[THE PROBLEM] Copy nothing but the lines below, from the one with "Mochila y caja" through the one with "clear stackable labeled", exactly as written; no pictures should appear.

++++ INPUT DATA

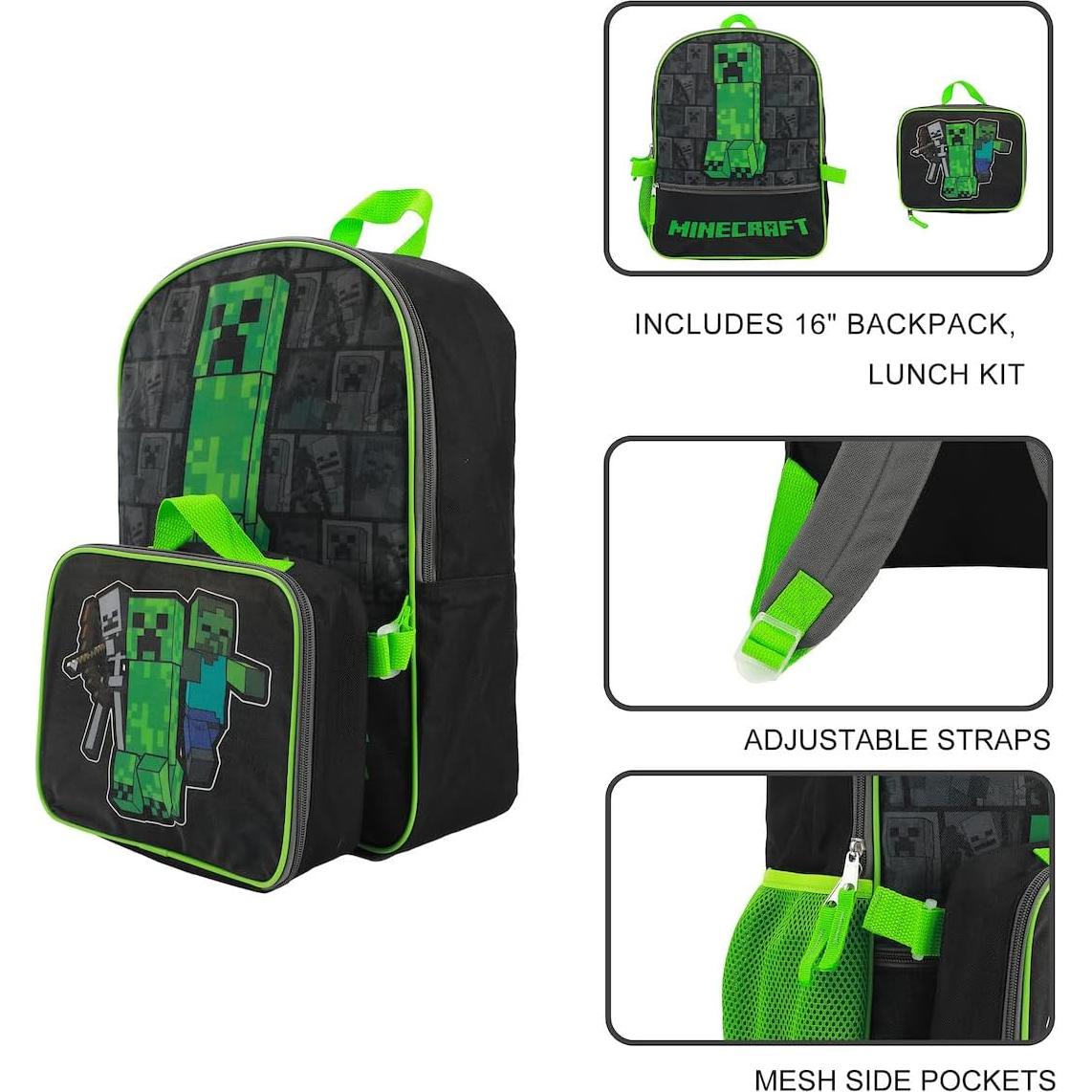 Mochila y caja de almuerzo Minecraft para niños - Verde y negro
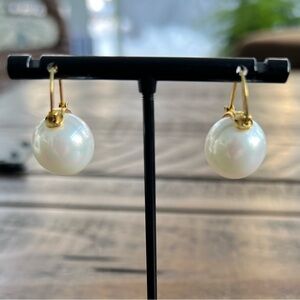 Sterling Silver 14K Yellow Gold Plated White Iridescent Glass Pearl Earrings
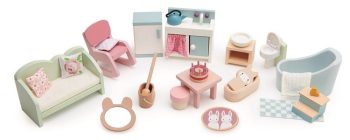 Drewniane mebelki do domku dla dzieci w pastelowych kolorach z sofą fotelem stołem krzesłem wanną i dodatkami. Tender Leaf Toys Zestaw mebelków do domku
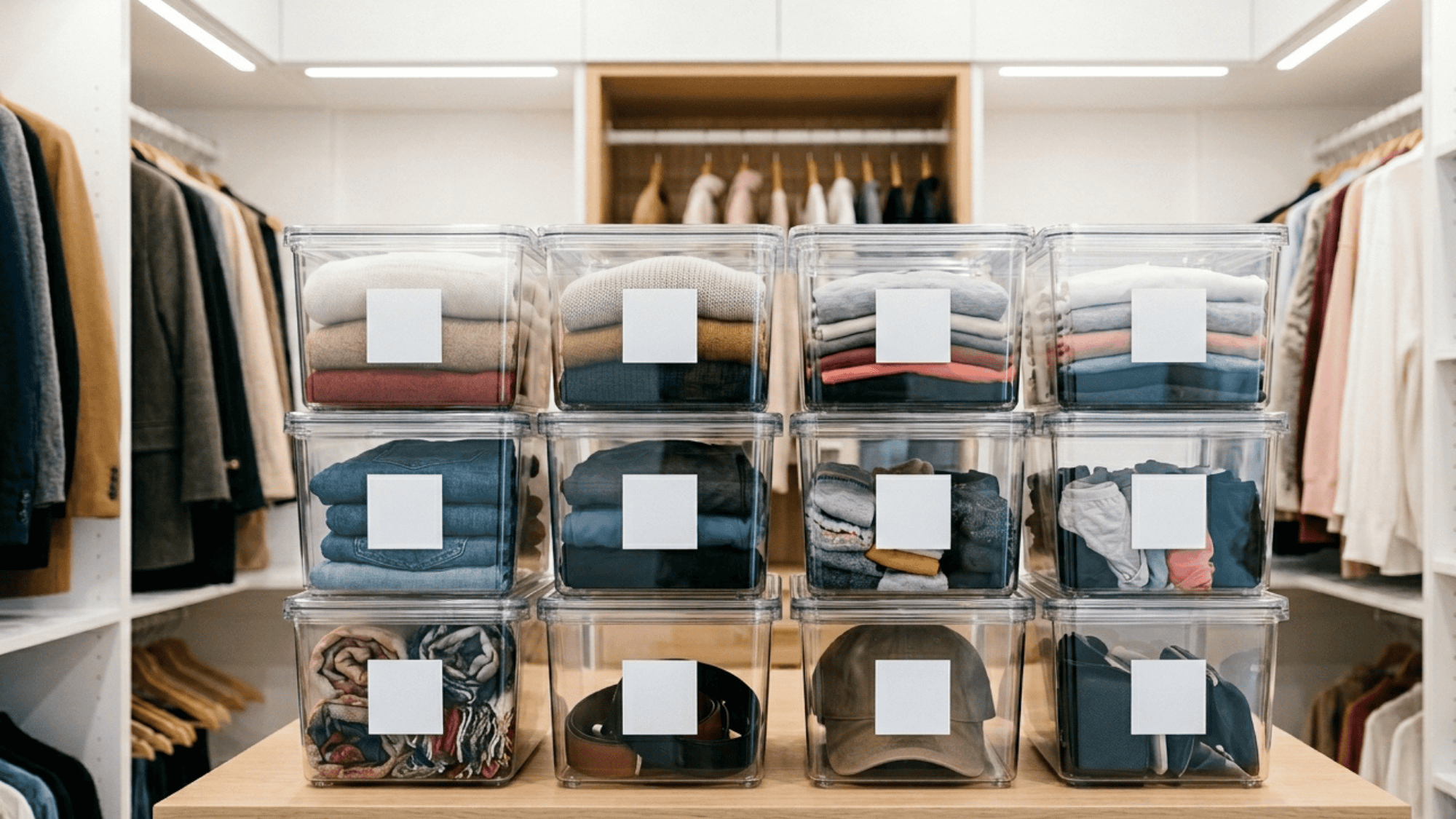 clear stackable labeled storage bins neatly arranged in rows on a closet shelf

++++++++
++++ INPUT DATA

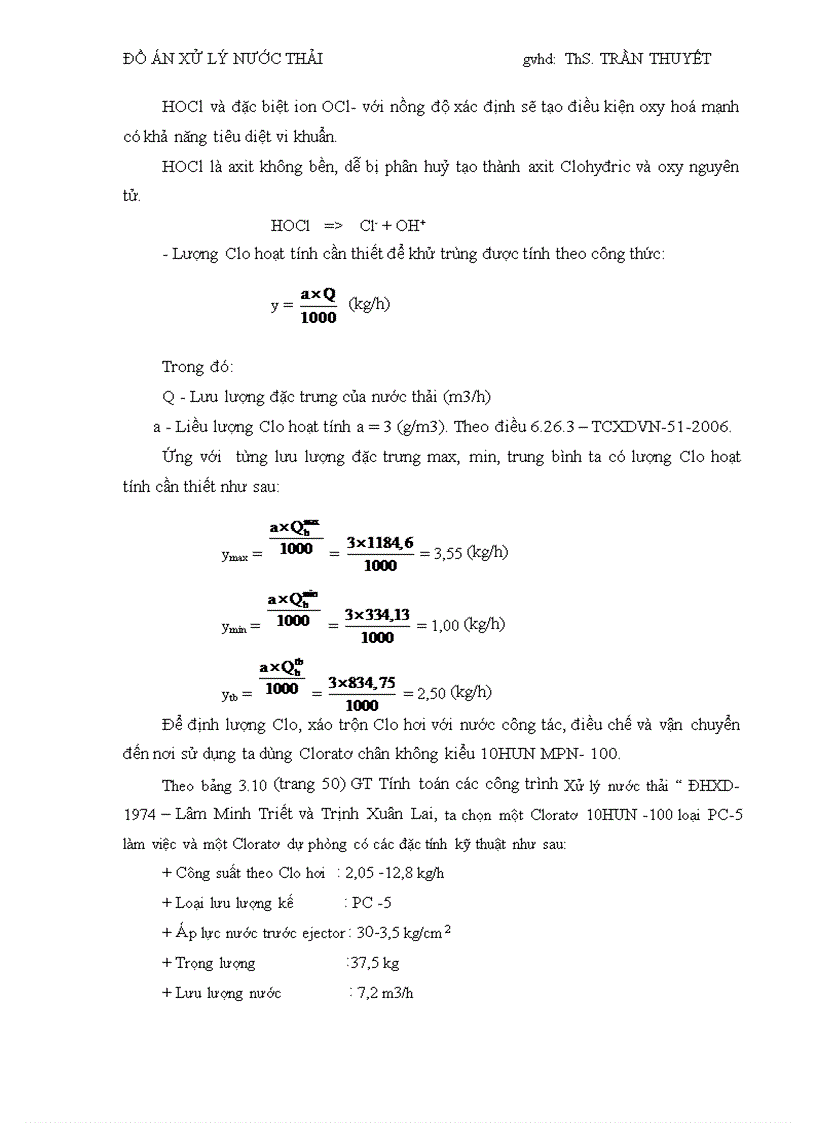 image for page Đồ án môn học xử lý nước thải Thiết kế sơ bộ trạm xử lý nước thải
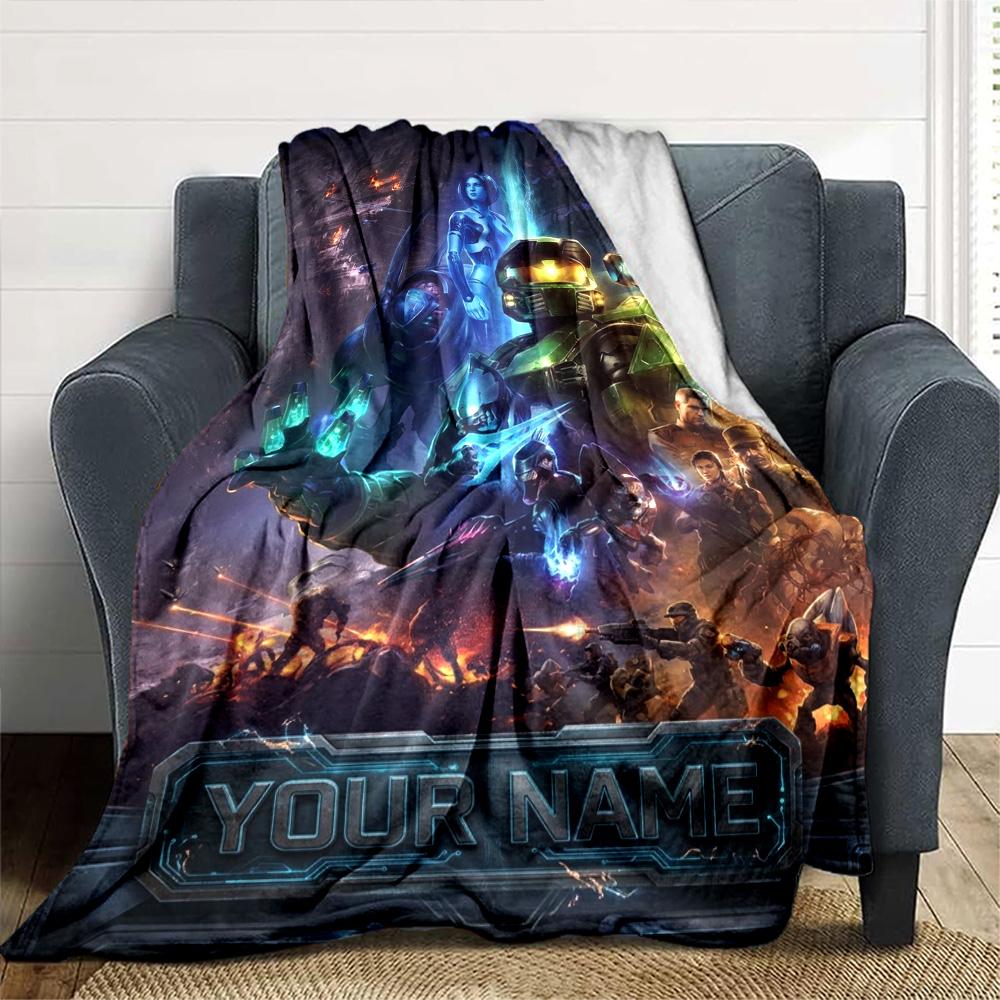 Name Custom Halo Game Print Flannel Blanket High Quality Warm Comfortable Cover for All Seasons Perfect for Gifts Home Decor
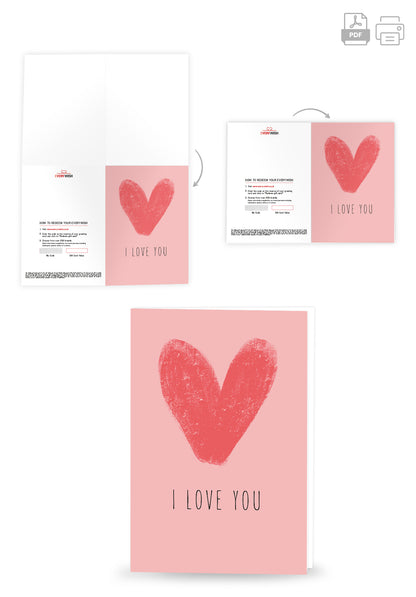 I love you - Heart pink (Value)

++++++++

[EXERCISE RESPONSE]
 Mochila y caja de almuerzo Minecraft para niños - Verde y negro
 Sterling Silver 14K Yellow Gold Plated White Iridescent Glass Pearl Earrings
 Drewniane mebelki do domku dla dzieci w pastelowych kolorach z sofą fotelem stołem krzesłem wanną i dodatkami. Tender Leaf Toys Zestaw mebelków do domku
 clear stackable labeled storage bins neatly arranged in rows on a closet shelf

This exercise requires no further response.